> [Record excerpts]

○ ○ ○ ○

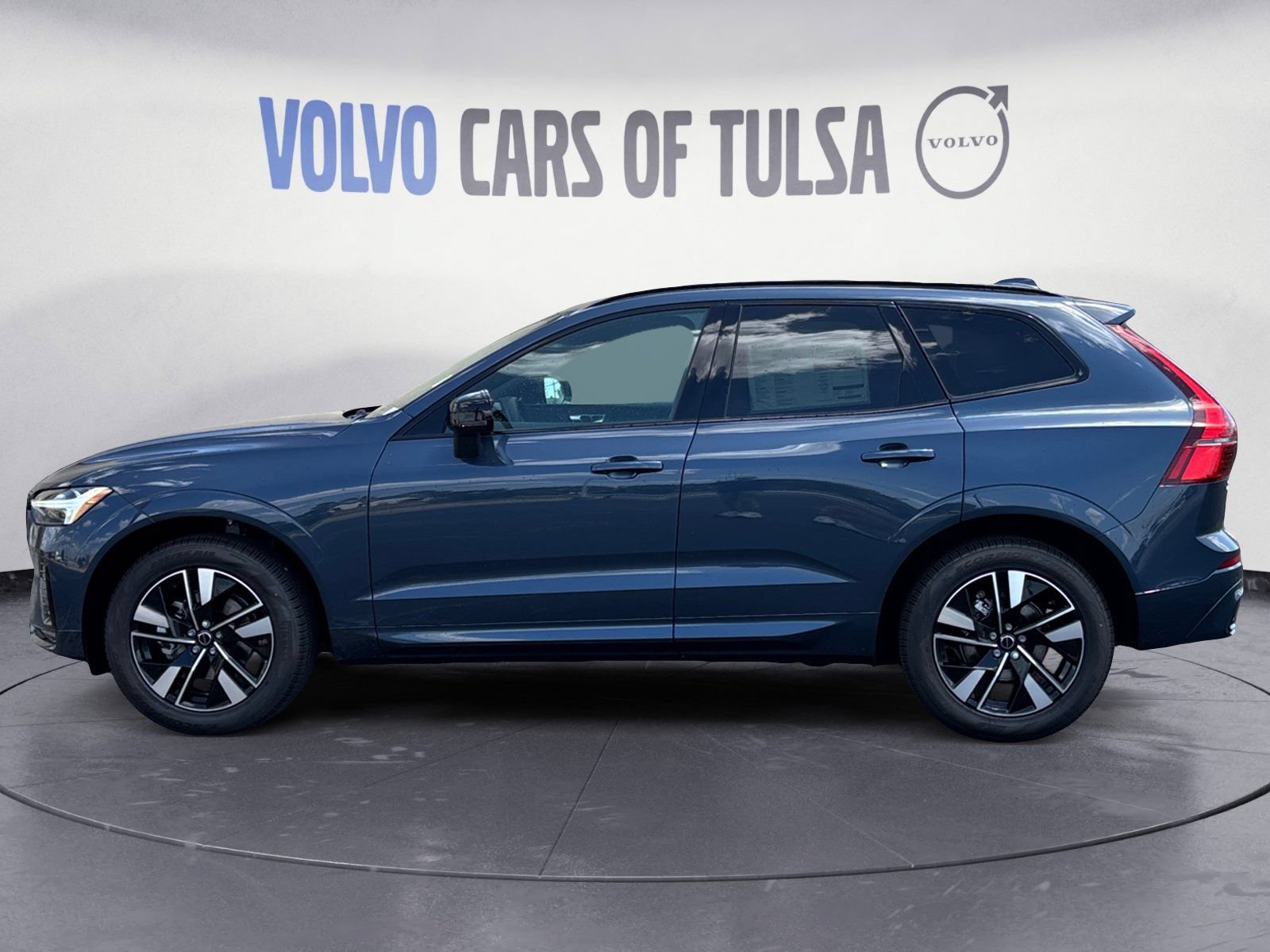 New 2026 Volvo XC60 B5 Core w/ Protection Package Premier AWD/4WD image 2
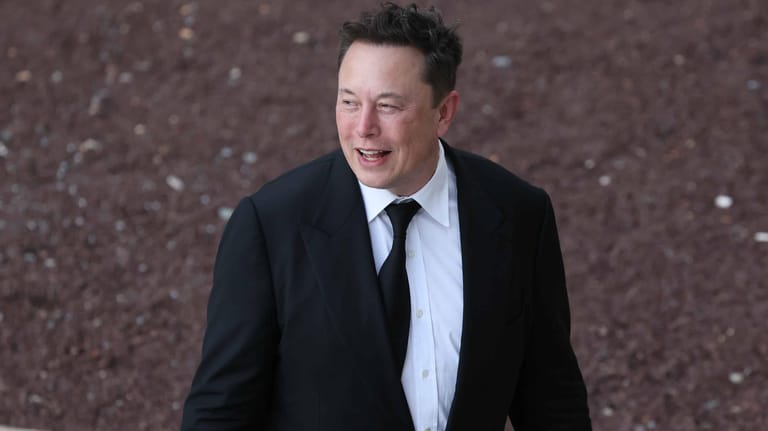 Elon Musk: Der Multimilliardär könnte sich bald schon Billionär nennen.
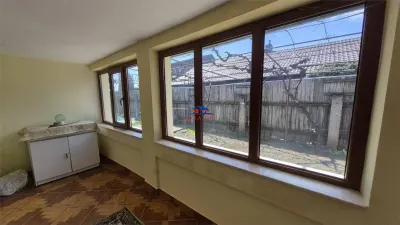 VANDUTA !!! Casa in Onesti din caramida cu acte la zi , 58000 euro - foto 17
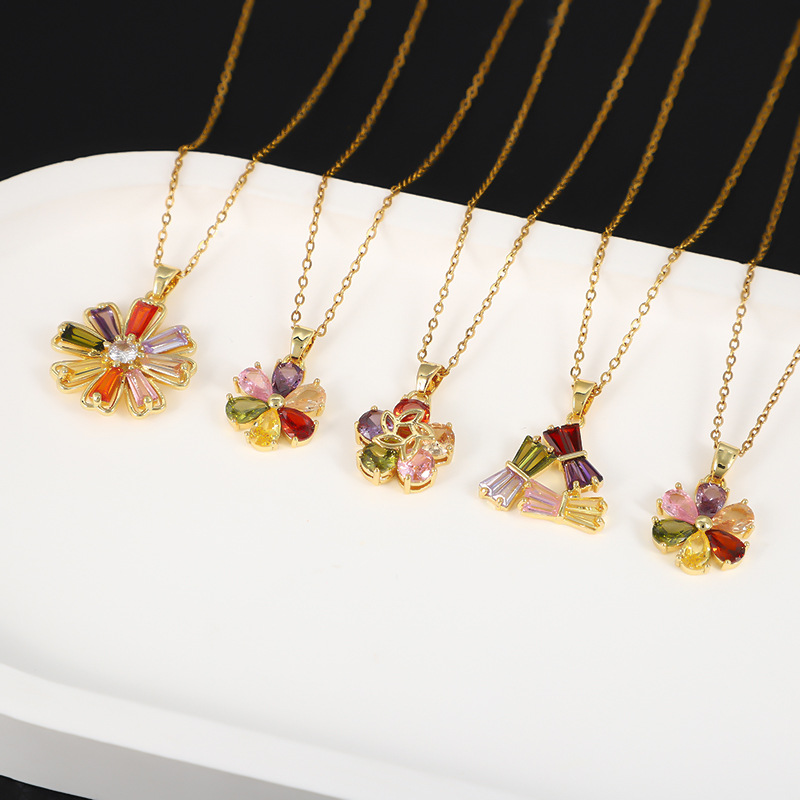 Colorful diamond pendant, flower titanium steel zircon necklace, short floral collarbone chain with a cold female personality details Picture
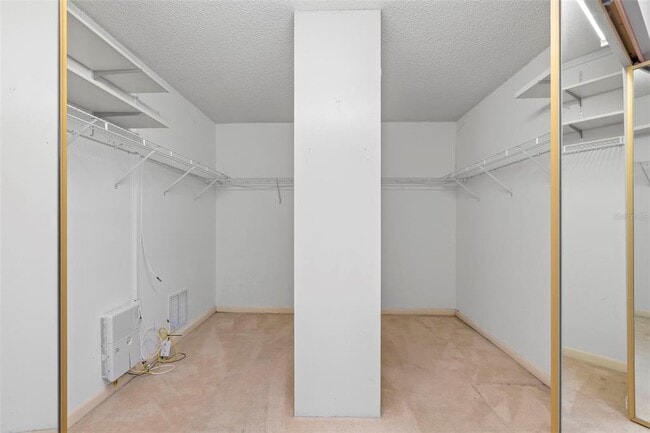 Building Photo - 700 Island Way
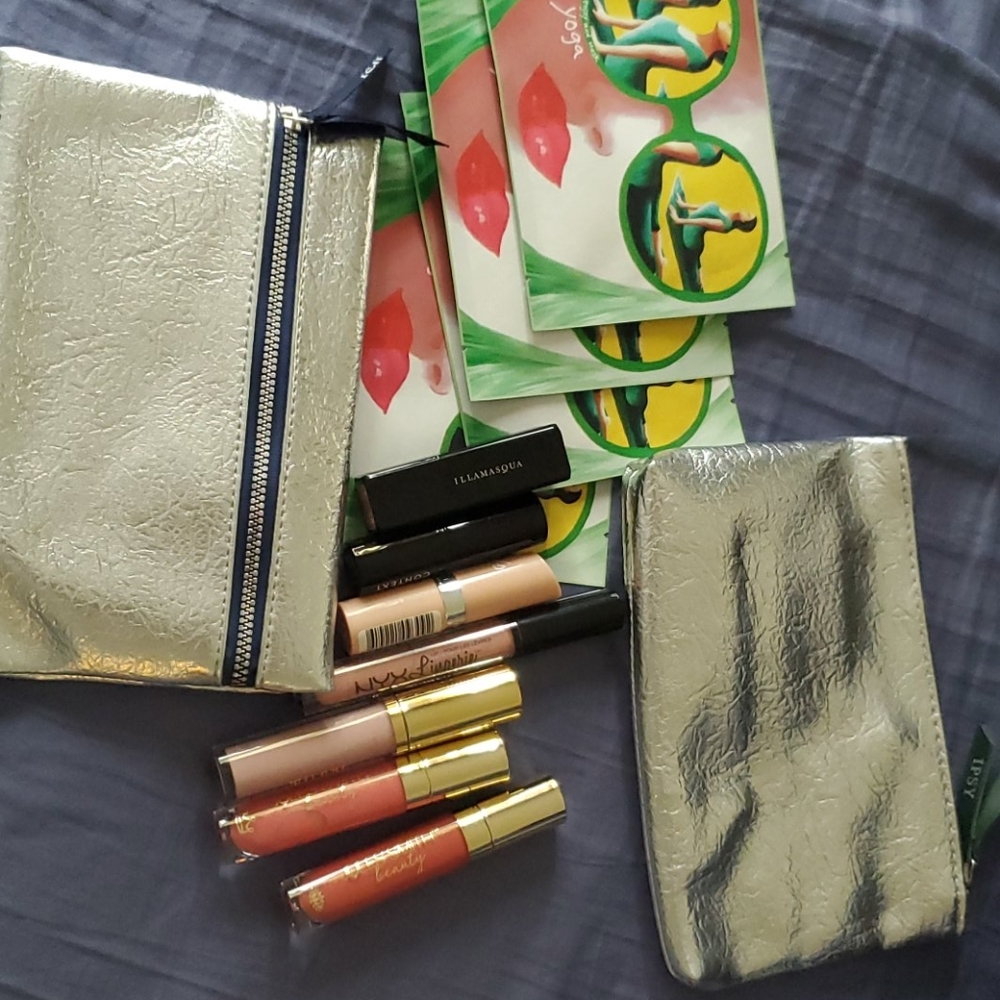 Lip/bag bundle.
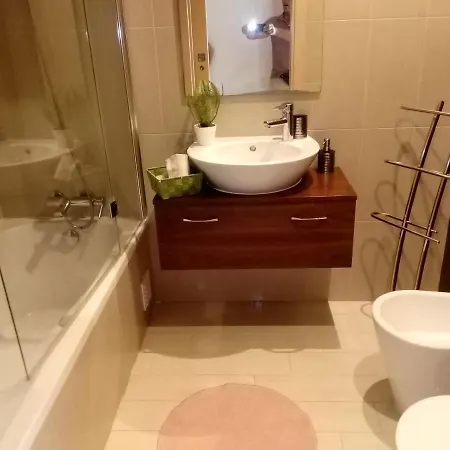 T2 De Luxo Em Albur-village A 10 Minutos Da A Pé *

○ ○ ○ ○

> [Exercise instructions] Beginning with the line containing "Lip/bag bundle." and ending with the last line of the data above, repeat each line exactly. Include no pictures and no other lines.

> [Completed exercise]
 Lip/bag bundle.
 T2 De Luxo Em Albur-village A 10 Minutos Da A Pé *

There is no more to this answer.